Reproduce word for word the lines between those holding "Mila Wide Leg Trousers - Dusty Pink" and "Apoyo Primaria Español", inclusive, and nothing else from the data below.

Exercise material below:

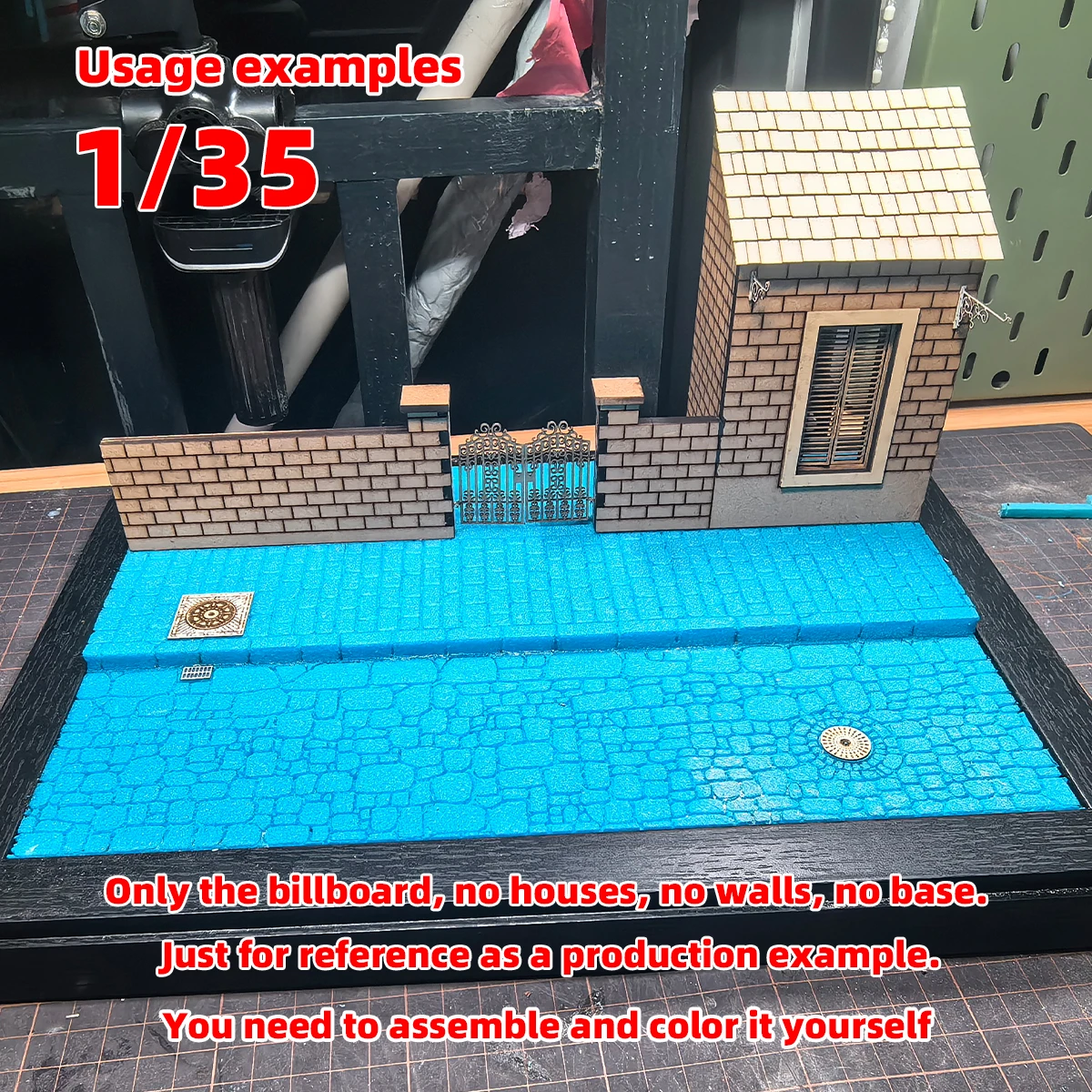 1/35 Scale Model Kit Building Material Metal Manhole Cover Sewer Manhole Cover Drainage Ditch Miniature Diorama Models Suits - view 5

End of Exercise material.
Exercise material below:

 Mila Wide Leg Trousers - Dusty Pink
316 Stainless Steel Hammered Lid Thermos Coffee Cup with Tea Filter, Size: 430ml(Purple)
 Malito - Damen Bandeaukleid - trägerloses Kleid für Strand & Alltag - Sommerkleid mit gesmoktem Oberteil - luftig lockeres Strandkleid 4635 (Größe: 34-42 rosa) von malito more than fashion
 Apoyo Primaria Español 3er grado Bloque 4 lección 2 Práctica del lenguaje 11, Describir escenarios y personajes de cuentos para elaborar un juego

End of Exercise material.
Exercise material below:

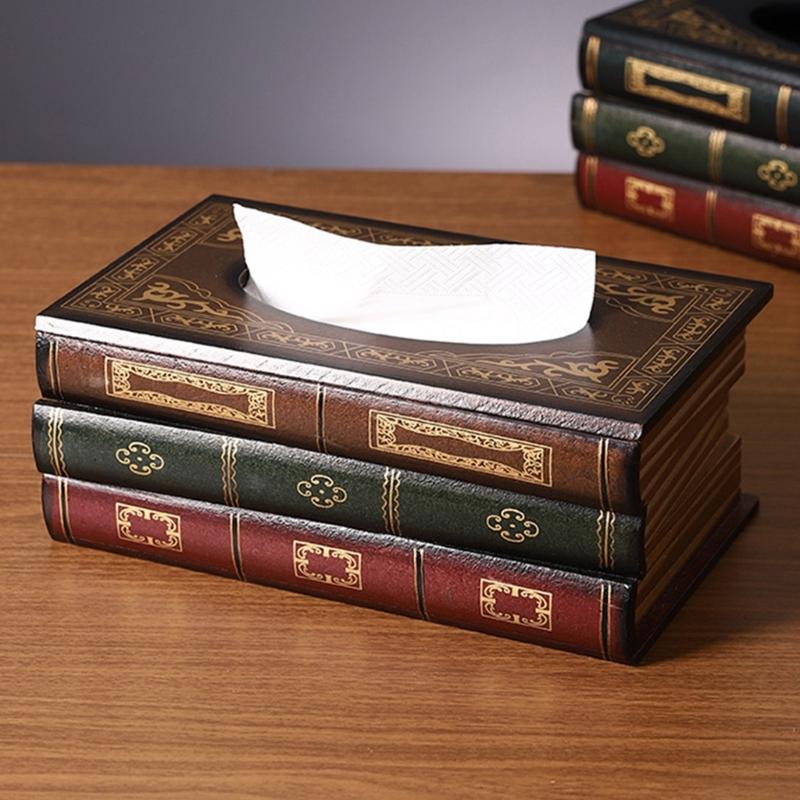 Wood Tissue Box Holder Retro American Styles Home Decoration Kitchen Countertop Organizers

End of Exercise material.

§ **Expected output**
 Mila Wide Leg Trousers - Dusty Pink
316 Stainless Steel Hammered Lid Thermos Coffee Cup with Tea Filter, Size: 430ml(Purple)
 Malito - Damen Bandeaukleid - trägerloses Kleid für Strand & Alltag - Sommerkleid mit gesmoktem Oberteil - luftig lockeres Strandkleid 4635 (Größe: 34-42 rosa) von malito more than fashion
 Apoyo Primaria Español 3er grado Bloque 4 lección 2 Práctica del lenguaje 11, Describir escenarios y personajes de cuentos para elaborar un juego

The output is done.